La Ley Penal Juvenil de 1994 significó un cambio positivo para El Salvador. Los legisladores reconocían que el Código de Menores hasta entonces existente no respondía “a los principios reconocidos en la Constitución y en la legislación internacional, respecto del menor que ha infringido la ley penal”. Era obvia la brutalidad de una legislación que metía en la cárcel, a veces durante años en espera de juicio, a niños de 16 años y los mezclaba con delincuentes adultos en prisiones como Mariona, en aquel tiempo plagada de corrupción, violencia y droga.

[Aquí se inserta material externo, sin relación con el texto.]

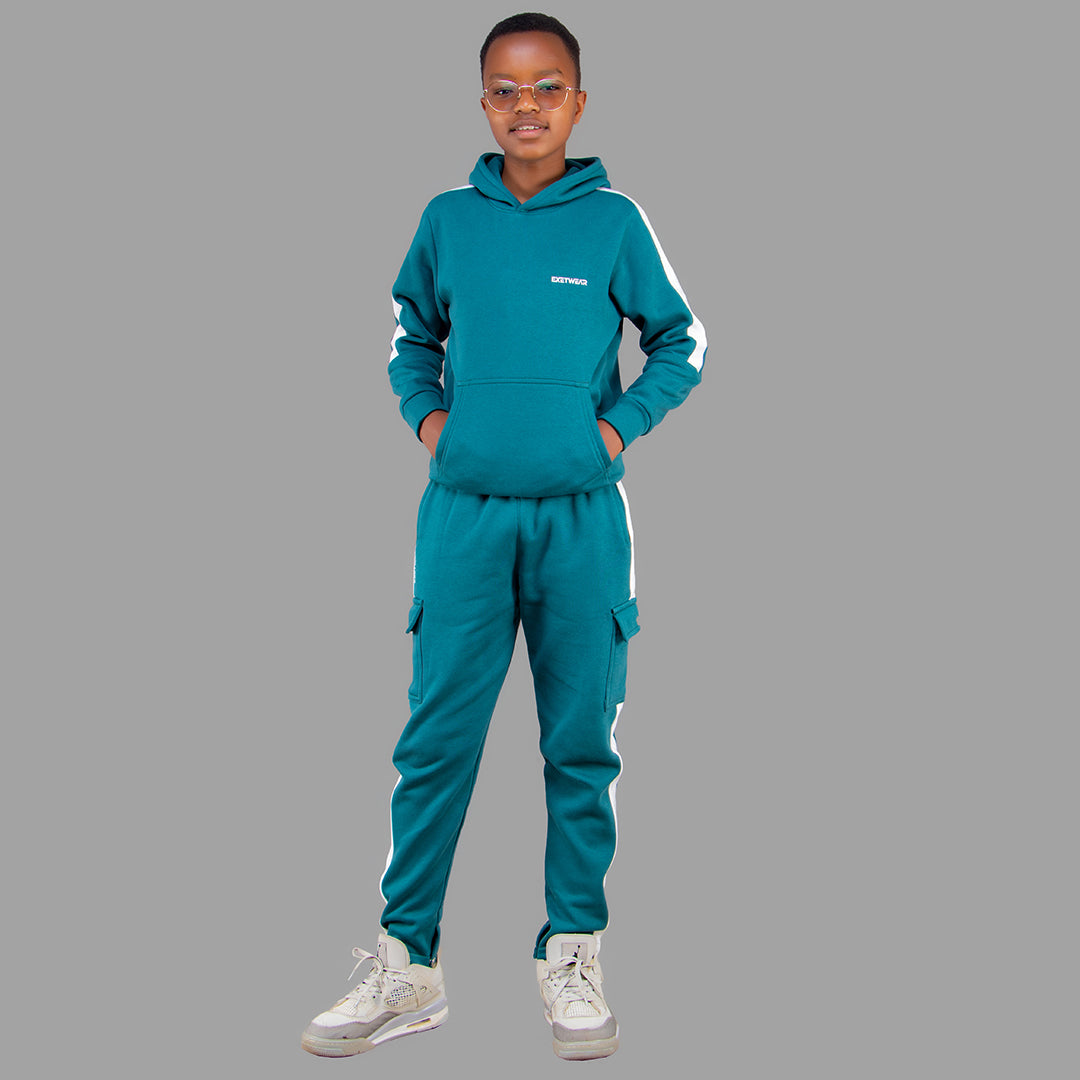 Boy's Jade Hoodie Set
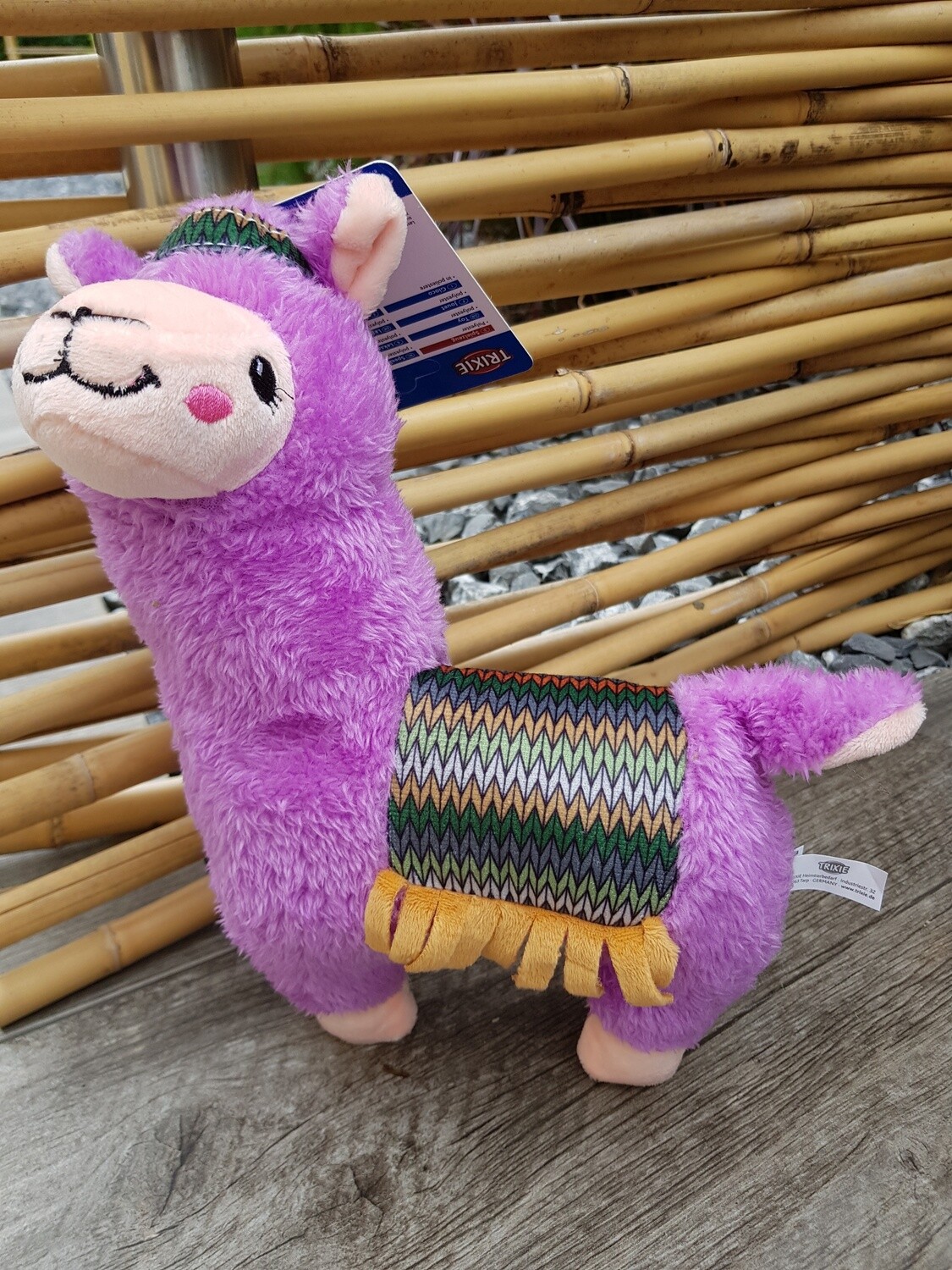 Alpaka violett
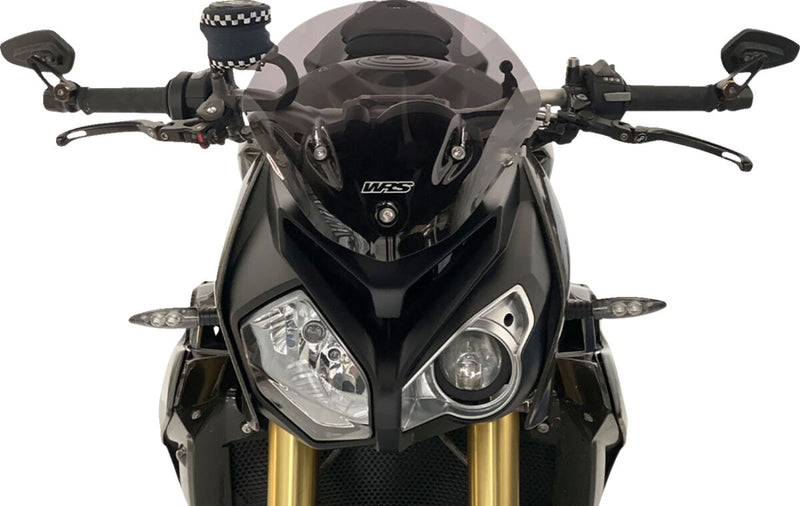 WRS Windscreen - Dark Smoke, Naked Bike - BM068FS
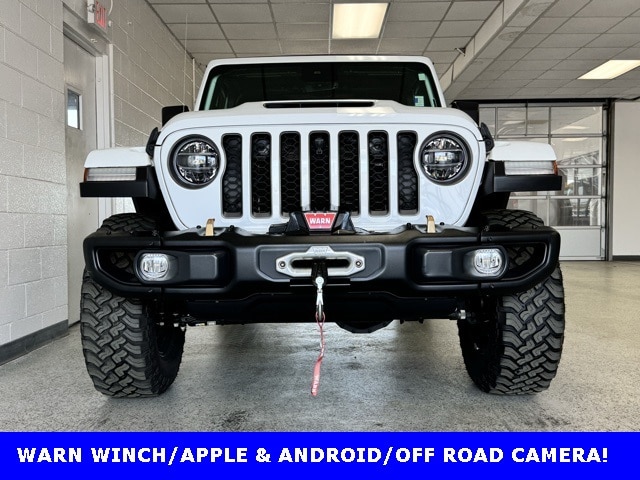 Certified 2021 Jeep Wrangler Unlimited Rubicon 392 with VIN 1C4JJXSJ7MW728868 for sale in Greer, SC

El país había suscrito unos años antes la Convención sobre los Derechos del Niño, y al ratificarla quedó comprometido a que “la detención, el encarcelamiento o la prisión de un niño se llevará a cabo de conformidad con la ley y se utilizará tan solo como medida de último recurso y durante el período más breve que proceda”.

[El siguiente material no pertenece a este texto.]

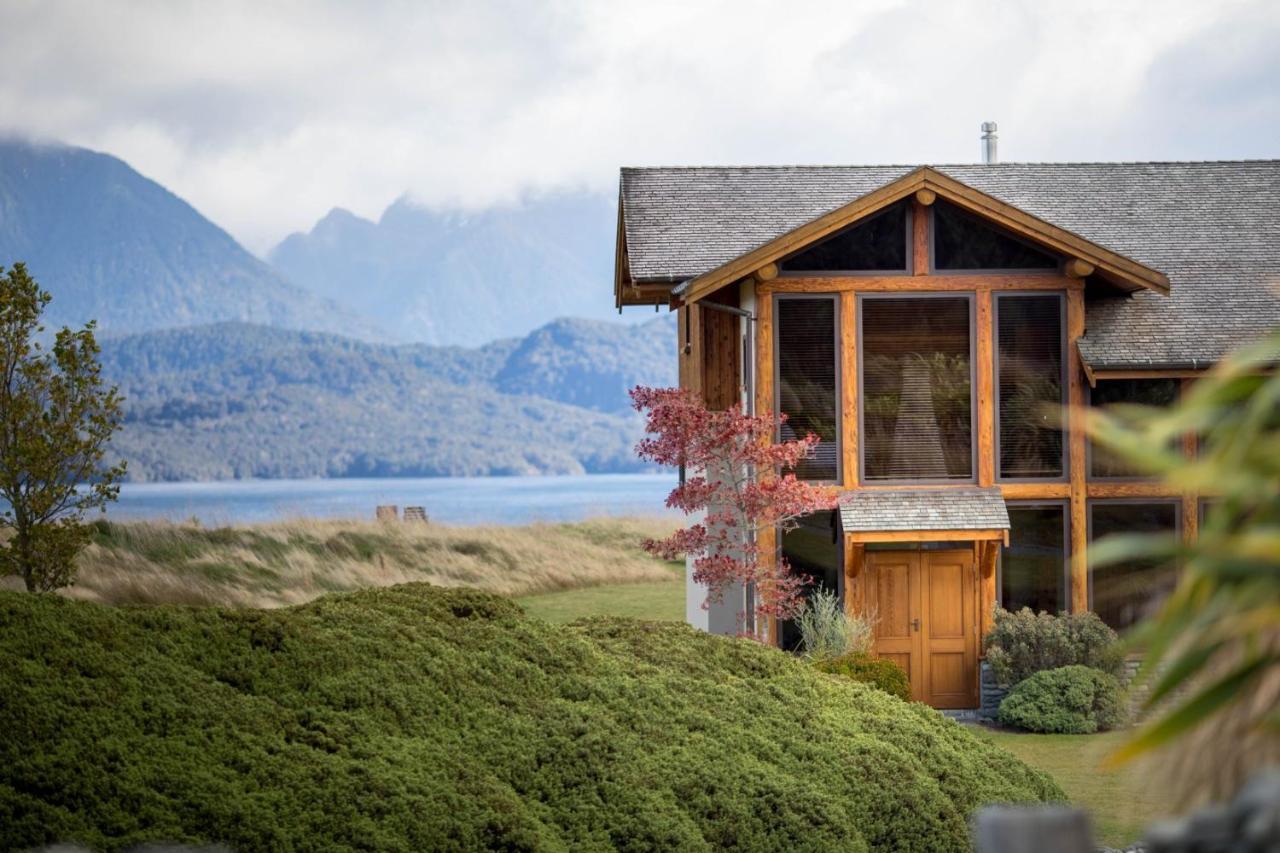 Fiordland Lodge Te Anau Exterior foto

Los diputados actuales parece que no han leído esa convención convertida en ley de la República desde su ratificación. Ley, por cierto, incluso superior a las leyes ordinarias que ellos puedan aprobar. Y parece que no la han leído porque piensan en la cárcel como primer recurso y tratan de que permanezcan en ella durante el período más largo posible. Curiosa realidad de que la ley de los “corruptos” de1994 sea más humana y más coherente con convenciones internacionales y con la Constitución que la ley de los diputados “limpios de todo pecado” de este 2022.

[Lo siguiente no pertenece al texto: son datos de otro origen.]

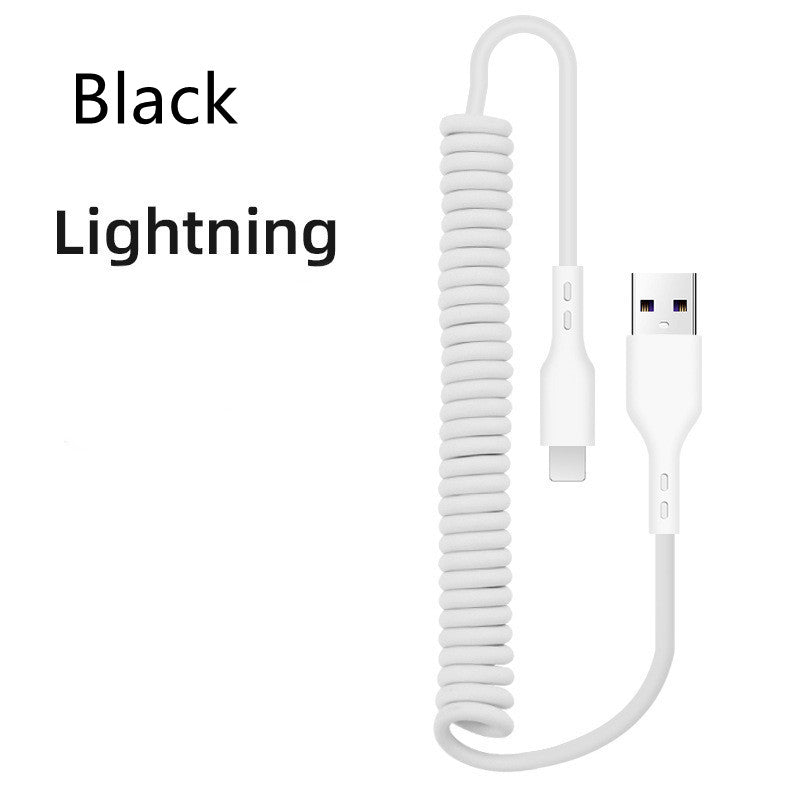 Fast Telescopic Charging Cable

La Convención sobre los Derechos del Niño descansa sobre cuatro puntos indispensables para la legislación de cualquier país que la haya ratificado: la no discriminación del niño o niña, la primacía del interés superior del menor, la garantía de sobrevivencia con pleno desarrollo de sus capacidades y la participación infantil. Es difícil entender cómo se combinan estos principios con la tendencia a responder cada vez con más violencia estatal y legal a las infracciones de los niños. Cuando se quiere construir cultura de paz, resulta indispensable comenzar desde la primeras generaciones. Pero para ello debe haber alguna forma de cambio o conversión en los adultos respecto al uso de la violencia. Si continuamos pegando a los niños como castigo, estos últimos cuando sean adultos tendrán la tendencia a seguir pegando a quienes les molesten.
Al nivel del Estado, que tiene el monopolio de la violencia, resulta indispensable reducirla lo más que se pueda, especialmente en lo que se refiere a los niños infractores, pues el comportamiento del Estado influye fuertemente y configura buena parte de los criterios de acción de quienes en él conviven. El Estado termina siendo responsable de la violencia de los adultos si es cruel con los niños o alimenta la crueldad contra el menor infractor. Si desde el poder estatal se habla sistemáticamente de perseguir en vez de dialogar, se insulta y se polarizan los debates, condenando a quien no coincide en criterios, no se puede después afirmar que estamos trayendo paz al país. Quienes gustan de defender el castigo duro con la frase veterotestamentaria “Ojo por ojo, diente por diente” no sería malo que meditaran en un texto del libro del Eclesiástico 20, 4: “Como pasión de eunuco por desflorar a una moza, así el que ejecuta la justicia con violencia”.